In Kenya, this involves the automation of the exchequer process by interlinking the National Treasury, MDAs, Office of the Controller of Budget (CoB) and the Central Bank of Kenya (CBK) electronically.

The move also requires high level political backing, given the large volume of funds that MDAs control.

Will MDAs be forced to close down their many accounts under the TSA system?

Due to the preference for a hybrid system, MDAs will be allowed to retain their multiple bank accounts on condition that they don’t keep public funds in these accounts for more than 24 hours.

They will also be required to pay suppliers and contractors within 24 hours of receipt of funds from the Exchequer to eliminate idle cash in bank accounts, a factor that will be key to addressing the challenge of accumulation of pending bills despite disbursements being made to line ministries by the Treasury.

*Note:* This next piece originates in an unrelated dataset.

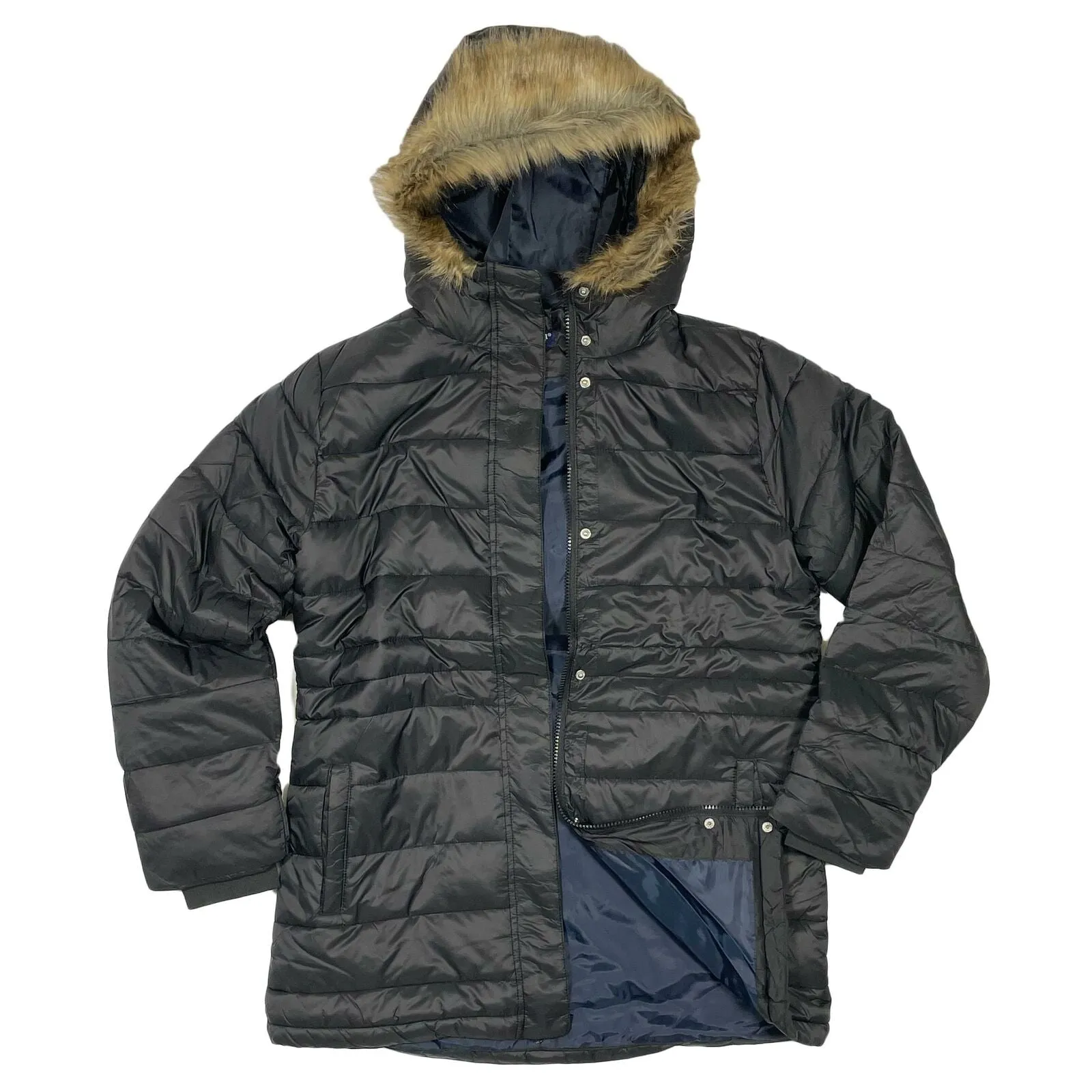 Womens Long Faux Fur Padded Parka Coat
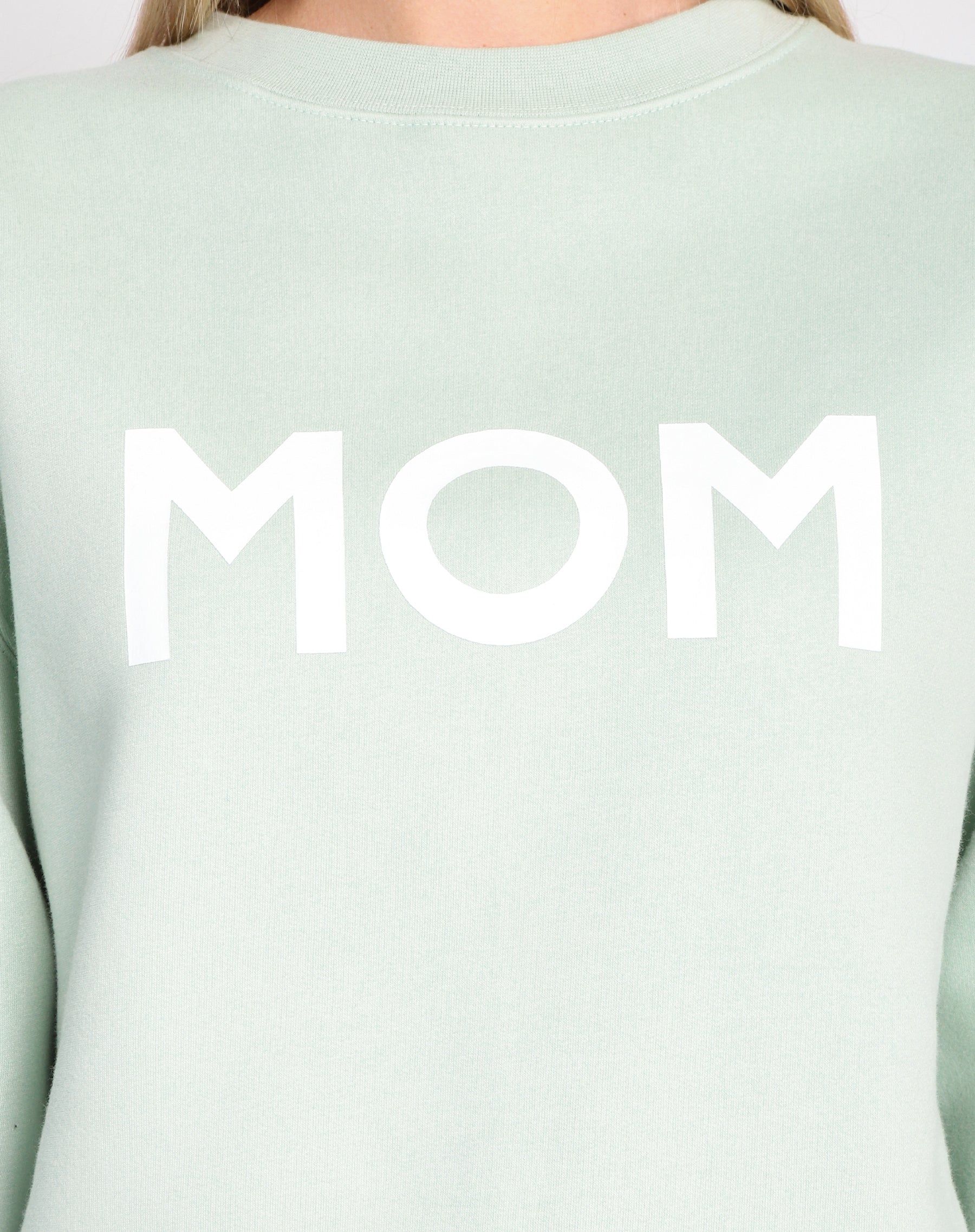 The "MOM" Classic Crew Neck Sweatshirt | Sage sold by Brunette The Label product image thumbnail 3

Which entities are to be roped in under the system?

The objective of the TSA is to rope in all the MDAs that are funded via the exchequer.

It, however, excludes government enterprises which have operational independence, and in the initial phase, semi-autonomous government agencies (Sagas) that are allowed to budget and execute their own payment plans without the involvement of the parent ministry.

The Sagas, which include various roads authorities, Kenya National Examinations Council, and Higher Education Loans Board, will eventually be roped in once a review of their budgeting, legal and operational processes are done.

Is there an impact on banks that currently hold the MDAs accounts?

The eventual transfer of funds to the central TSA account from commercial banks is bound to have an impact on their liquidity, given that the MDAs are a key source of deposits for the lenders.

Banks will have to source for replacement funds elsewhere, which will come at a cost if they want to replace them with fixed, long-term deposits.

The Sh509.8 billion held by the national government and other public sector entities in commercial bank accounts was split between demand and time deposits at a ratio of Sh415.5 billion and Sh94.3 billion respectively.

Other than deposits, the lenders are facing up to losses of the transaction fees that they earn when processing payments on behalf of the government agencies and ministries.